----- Available records -----

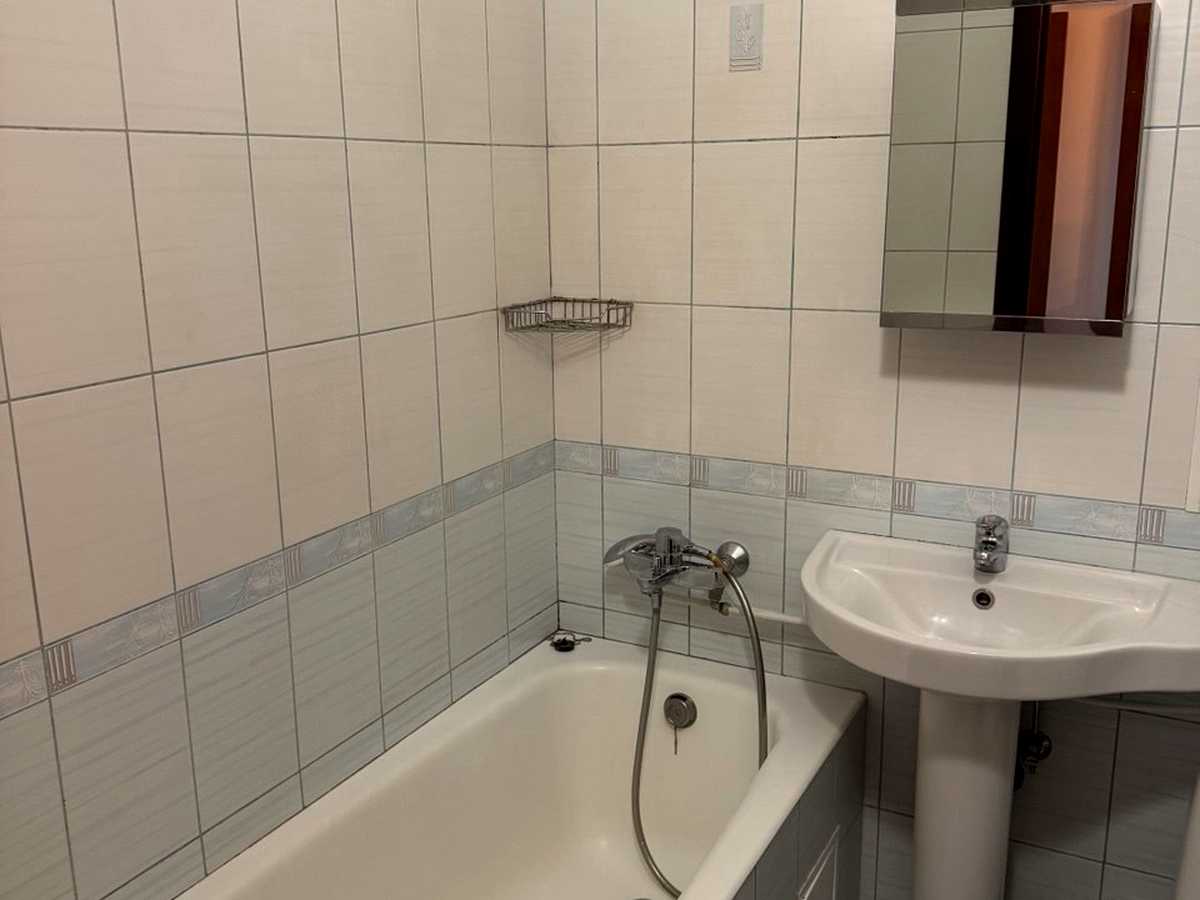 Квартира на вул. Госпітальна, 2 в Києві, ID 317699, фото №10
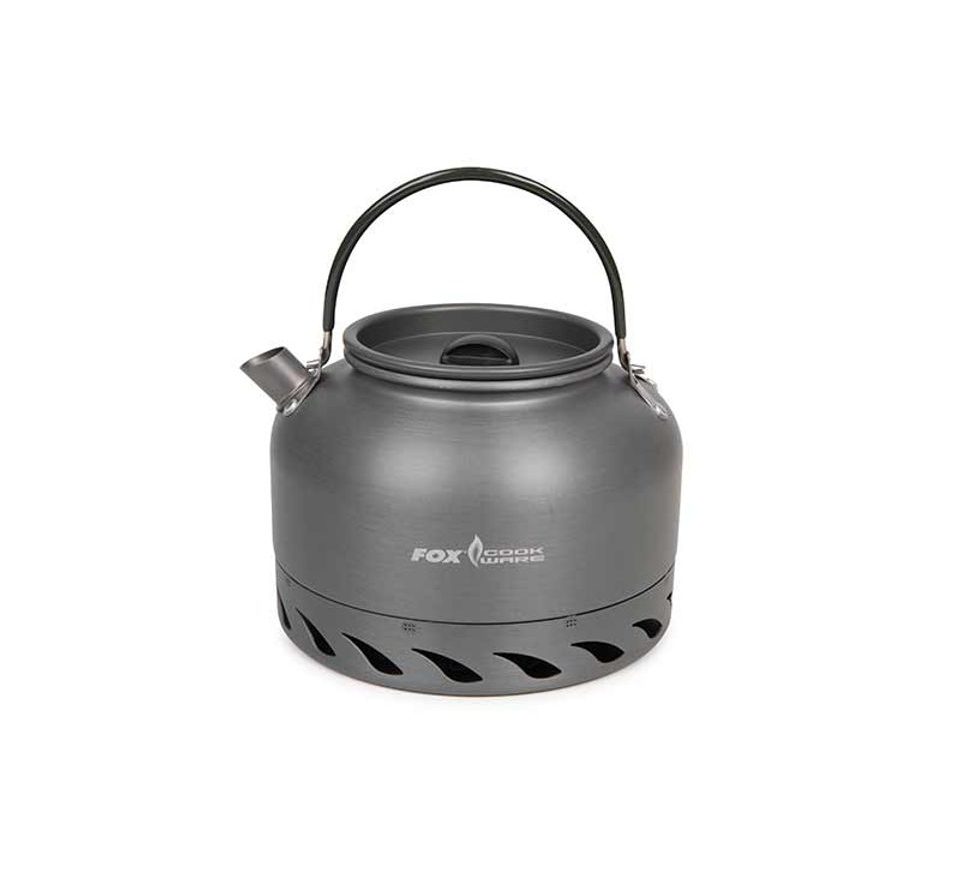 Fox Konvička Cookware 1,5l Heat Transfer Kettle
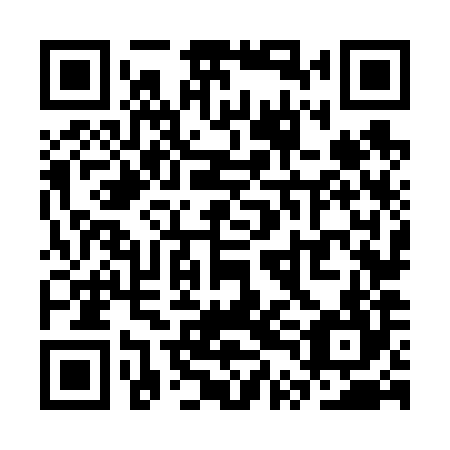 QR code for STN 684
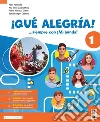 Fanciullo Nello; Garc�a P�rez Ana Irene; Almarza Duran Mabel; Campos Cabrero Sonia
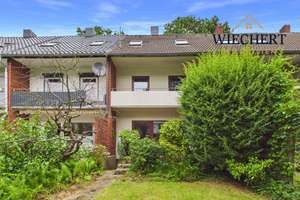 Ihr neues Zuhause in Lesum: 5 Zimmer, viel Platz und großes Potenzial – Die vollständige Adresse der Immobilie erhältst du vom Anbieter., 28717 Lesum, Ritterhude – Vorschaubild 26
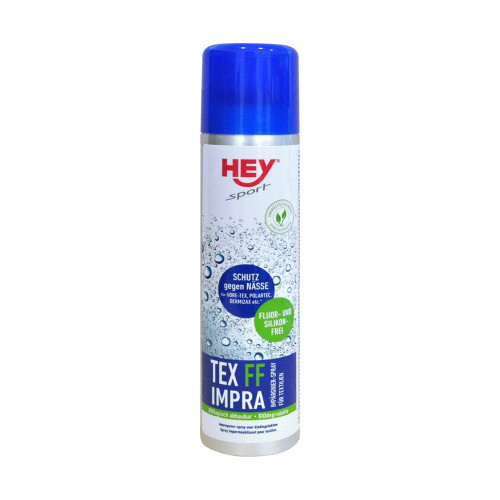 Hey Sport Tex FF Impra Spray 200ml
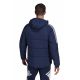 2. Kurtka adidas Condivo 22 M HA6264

-----
----- Available records -----

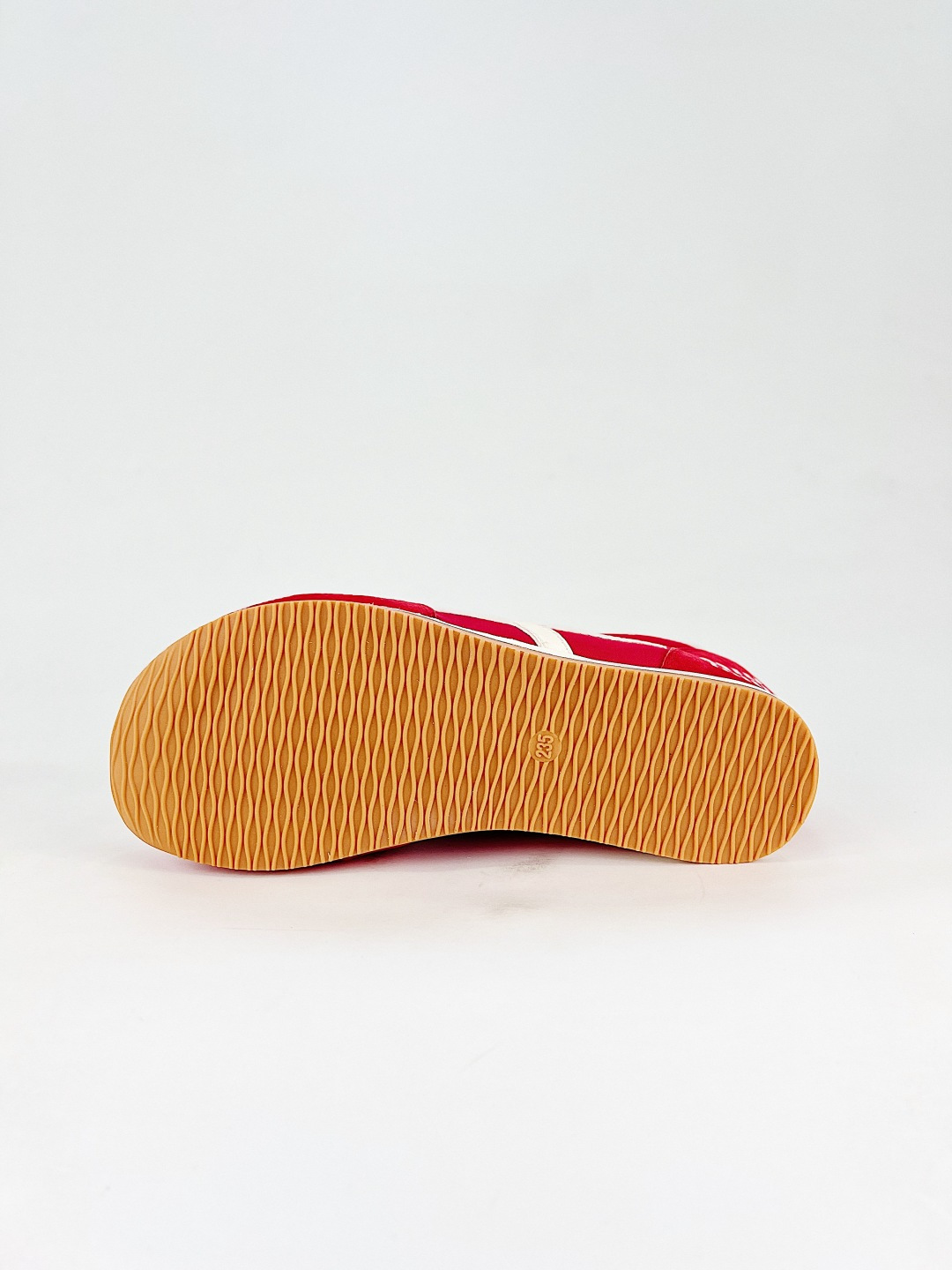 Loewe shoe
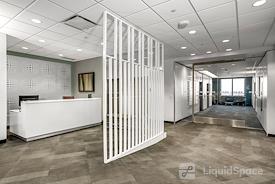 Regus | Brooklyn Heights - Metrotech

-----

The task:
All lines above starting at the one with "Квартира на вул." and ending at the one with "Fanciullo Nello; Garc�a", inclusive, are to be printed again exactly, with the pictures left out.

Exercise result:
 Квартира на вул. Госпітальна, 2 в Києві, ID 317699, фото №10
 Fox Konvička Cookware 1,5l Heat Transfer Kettle
 QR code for STN 684
 Fanciullo Nello; Garc�a P�rez Ana Irene; Almarza Duran Mabel; Campos Cabrero Sonia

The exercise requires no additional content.